Draft below was unsent, meant to write more but something else was up. Much harder to return to. Looks interesting!
To: cypherpunks@lists.cpunks.org Subject: [ot] A Theory of Dissociation and Mind Control
As I consider more having a severe dissociative psychological issue, I become conscious of parts more.
It seems my biggest experience is a very large dissociation from mind control via: - terror - hypno/digital behavior modification - stimulated dissonance from cult members, bots, and other victims
We saw that stimulated dissonance become a large thing that entered public discourse over the past decade.
In response to this experience, I then seem to have intentionally dissociated further, into multiple different parts, each of which is some strategy of mine to resist the influence of the mind control and protect my true identity. The conflict persists and develops internally, with the mind control part still trying to change these other parts, and them still trying to resist it.
Comparing intentional dissociation with coerced dissociation and some of the theory of mind control in Steve Hassan’s book, I’m thinking there’s a possible strong similarity that could form a theory encompassing all three.

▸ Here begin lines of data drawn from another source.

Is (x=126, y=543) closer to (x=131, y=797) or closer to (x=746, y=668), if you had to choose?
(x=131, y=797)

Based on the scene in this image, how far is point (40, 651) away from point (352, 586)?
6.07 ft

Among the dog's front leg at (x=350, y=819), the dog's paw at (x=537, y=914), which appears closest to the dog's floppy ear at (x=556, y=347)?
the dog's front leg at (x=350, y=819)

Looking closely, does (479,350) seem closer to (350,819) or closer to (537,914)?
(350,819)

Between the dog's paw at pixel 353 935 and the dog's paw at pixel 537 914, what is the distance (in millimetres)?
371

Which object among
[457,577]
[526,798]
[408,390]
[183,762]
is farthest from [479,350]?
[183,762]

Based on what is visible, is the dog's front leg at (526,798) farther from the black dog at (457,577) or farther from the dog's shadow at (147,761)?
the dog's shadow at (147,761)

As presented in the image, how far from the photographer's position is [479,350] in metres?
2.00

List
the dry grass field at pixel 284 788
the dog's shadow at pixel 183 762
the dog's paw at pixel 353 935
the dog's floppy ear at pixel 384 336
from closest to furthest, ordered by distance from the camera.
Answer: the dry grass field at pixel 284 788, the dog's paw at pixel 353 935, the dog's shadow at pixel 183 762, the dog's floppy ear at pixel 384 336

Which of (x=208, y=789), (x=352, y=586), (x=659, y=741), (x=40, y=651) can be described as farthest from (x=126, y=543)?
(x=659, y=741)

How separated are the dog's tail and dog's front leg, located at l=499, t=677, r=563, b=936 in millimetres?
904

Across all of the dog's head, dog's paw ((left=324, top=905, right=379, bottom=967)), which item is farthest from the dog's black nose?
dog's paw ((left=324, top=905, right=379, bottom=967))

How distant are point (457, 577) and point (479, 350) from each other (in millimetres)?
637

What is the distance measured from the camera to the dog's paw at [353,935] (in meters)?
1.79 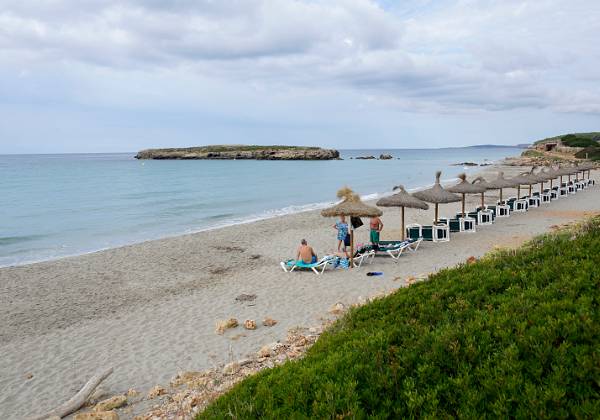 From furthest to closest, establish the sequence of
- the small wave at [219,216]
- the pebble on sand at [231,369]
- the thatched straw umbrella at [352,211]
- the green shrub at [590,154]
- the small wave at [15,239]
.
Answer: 1. the green shrub at [590,154]
2. the small wave at [219,216]
3. the small wave at [15,239]
4. the thatched straw umbrella at [352,211]
5. the pebble on sand at [231,369]

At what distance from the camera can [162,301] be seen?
10.6 meters

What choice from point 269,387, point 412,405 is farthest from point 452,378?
point 269,387

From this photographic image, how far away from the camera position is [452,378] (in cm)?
363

- When we dissociate, we form (logic parts in other contexts, along with guesses or habits around when or how to reintegrate these parts with existing contexts) - When there is deception or severe emergency involved, we end of leaving the context in which the dissociation was made, without reintegrating the concepts to update our guesses or habits - As this continues, the dissociated parts that have learned to resist engaging other parts, continue to form new knowledge and habits - When we then do return to our previous safer situations, the parts of our mind are no longer engaging what they expect, and persistent change has formed.